### Problem details
Copy out exactly the stretch below, from the line with "Clases online de español para extranjeros" through the line with "Turbo HD камера", both included; the pictures stay out.

### Data in this exercise
*** Begin section ***

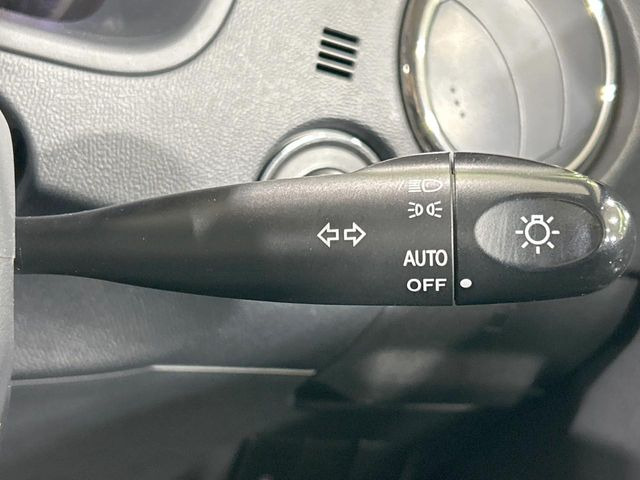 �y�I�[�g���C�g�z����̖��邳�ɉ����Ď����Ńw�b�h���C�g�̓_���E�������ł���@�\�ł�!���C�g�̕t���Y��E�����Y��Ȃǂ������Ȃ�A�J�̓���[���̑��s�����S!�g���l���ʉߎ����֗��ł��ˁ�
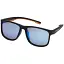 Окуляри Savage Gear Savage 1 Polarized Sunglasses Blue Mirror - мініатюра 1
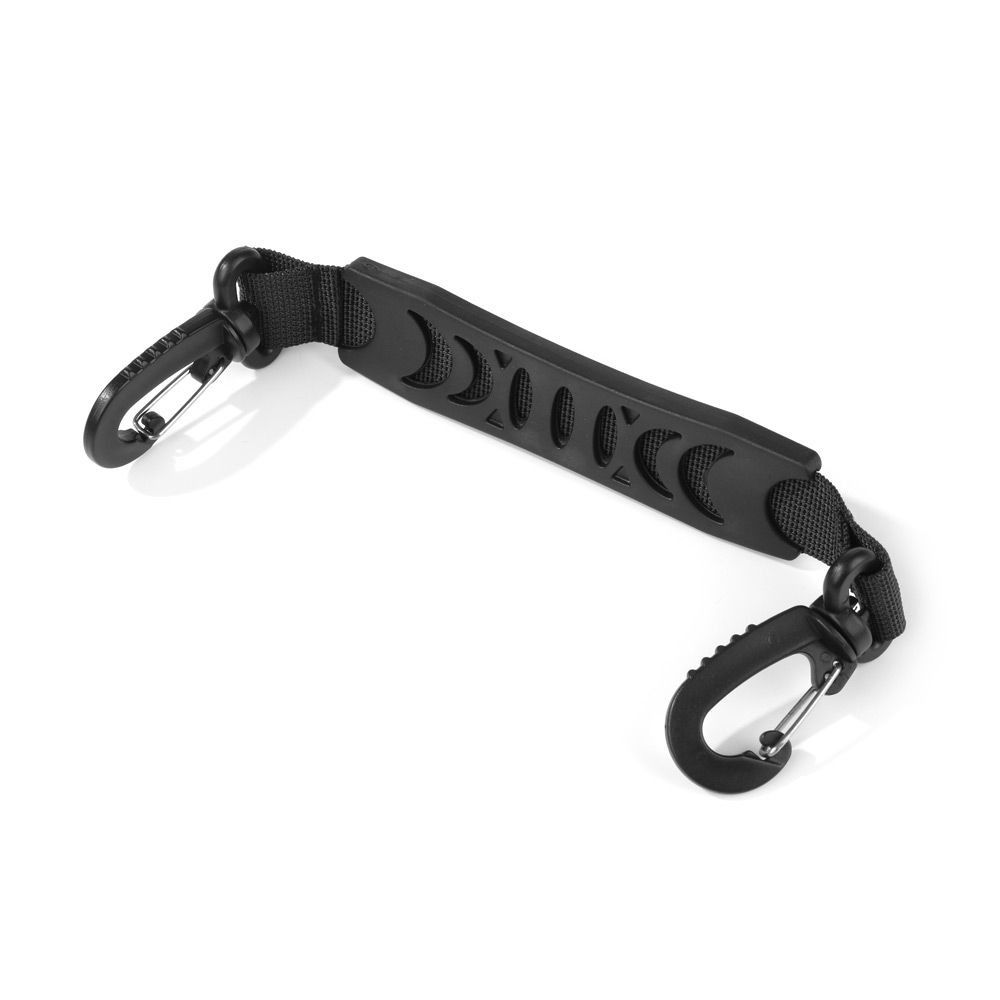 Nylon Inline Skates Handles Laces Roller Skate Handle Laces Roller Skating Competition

*** End section ***
*** Begin section ***

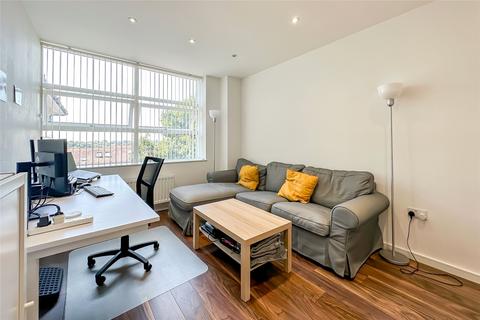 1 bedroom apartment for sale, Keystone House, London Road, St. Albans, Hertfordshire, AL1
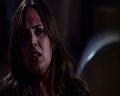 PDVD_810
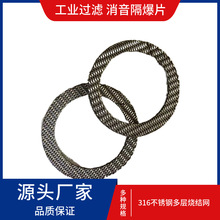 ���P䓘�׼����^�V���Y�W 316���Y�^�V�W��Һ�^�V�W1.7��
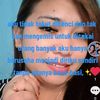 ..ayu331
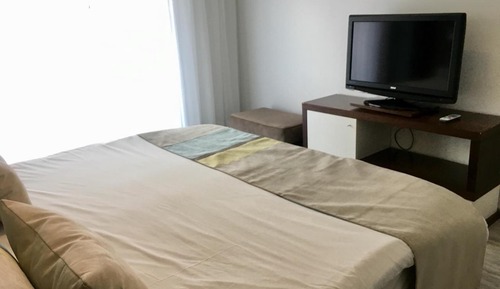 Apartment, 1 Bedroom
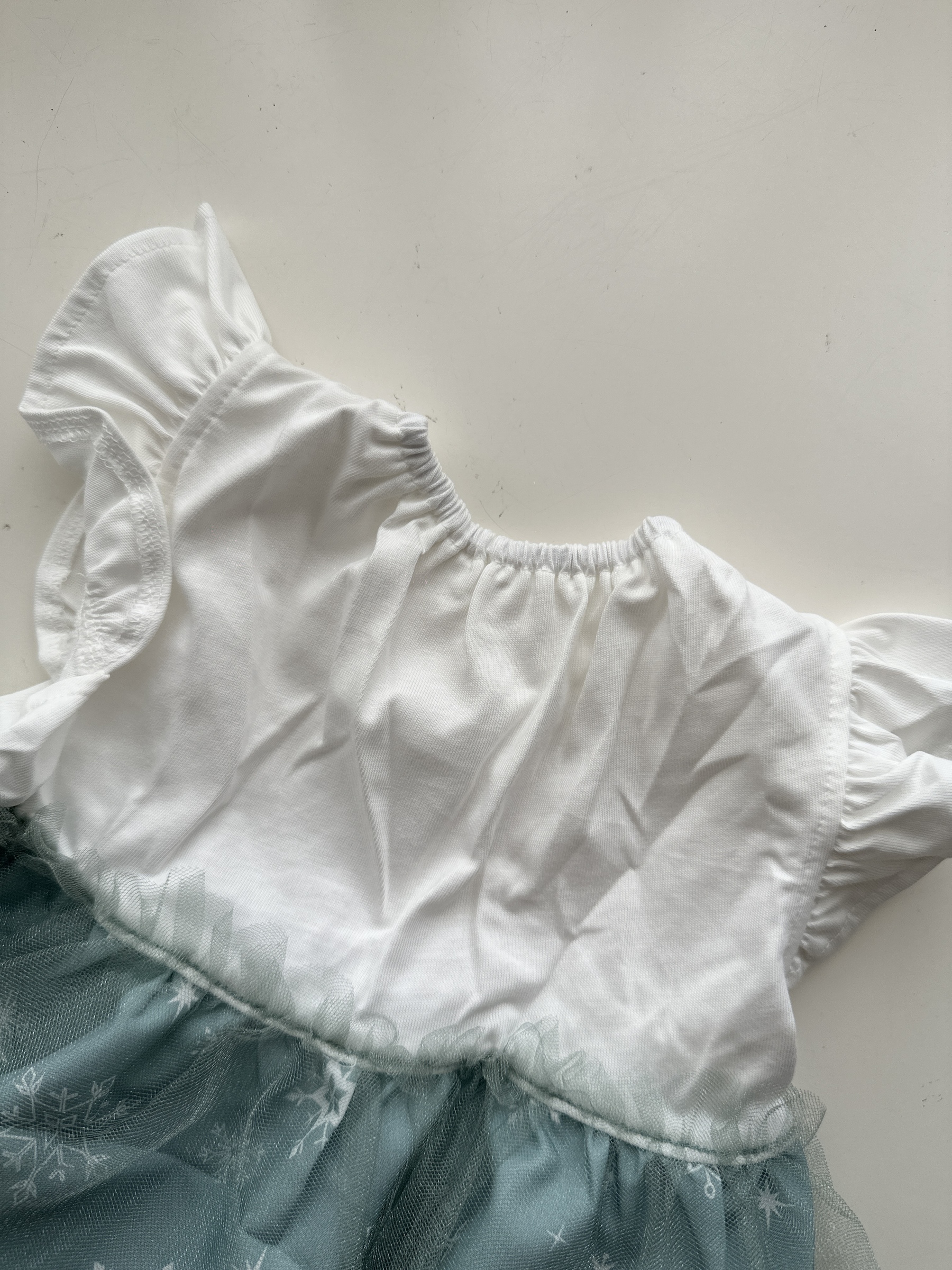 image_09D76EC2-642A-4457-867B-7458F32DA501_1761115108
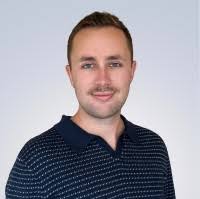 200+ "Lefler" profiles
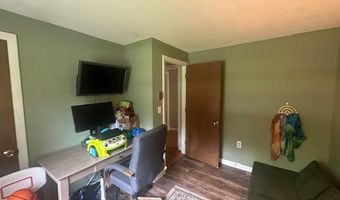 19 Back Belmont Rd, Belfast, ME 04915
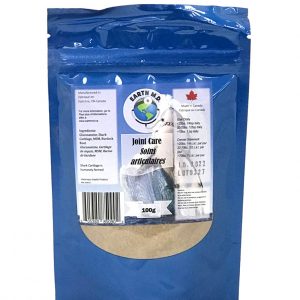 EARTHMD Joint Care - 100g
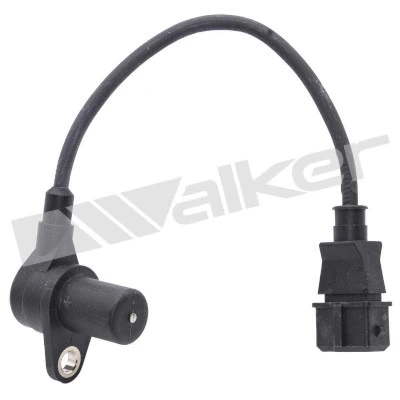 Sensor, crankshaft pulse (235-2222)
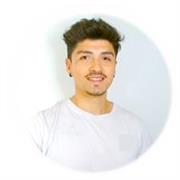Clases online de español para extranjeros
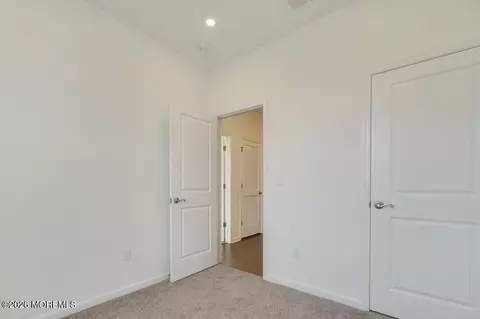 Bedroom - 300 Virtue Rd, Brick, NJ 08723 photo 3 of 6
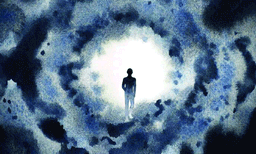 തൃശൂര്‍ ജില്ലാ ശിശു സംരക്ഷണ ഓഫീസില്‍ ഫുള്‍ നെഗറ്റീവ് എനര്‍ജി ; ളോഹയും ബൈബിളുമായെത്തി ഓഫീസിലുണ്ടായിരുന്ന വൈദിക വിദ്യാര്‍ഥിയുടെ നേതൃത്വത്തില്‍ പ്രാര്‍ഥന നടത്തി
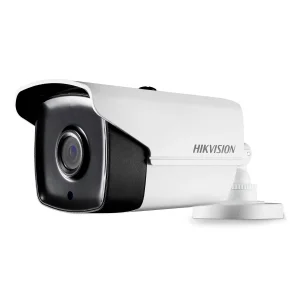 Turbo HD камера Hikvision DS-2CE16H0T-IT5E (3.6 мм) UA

*** End section ***

### Task output
Clases online de español para extranjeros
 Bedroom - 300 Virtue Rd, Brick, NJ 08723 photo 3 of 6
 തൃശൂര്‍ ജില്ലാ ശിശു സംരക്ഷണ ഓഫീസില്‍ ഫുള്‍ നെഗറ്റീവ് എനര്‍ജി ; ളോഹയും ബൈബിളുമായെത്തി ഓഫീസിലുണ്ടായിരുന്ന വൈദിക വിദ്യാര്‍ഥിയുടെ നേതൃത്വത്തില്‍ പ്രാര്‍ഥന നടത്തി
 Turbo HD камера Hikvision DS-2CE16H0T-IT5E (3.6 мм) UA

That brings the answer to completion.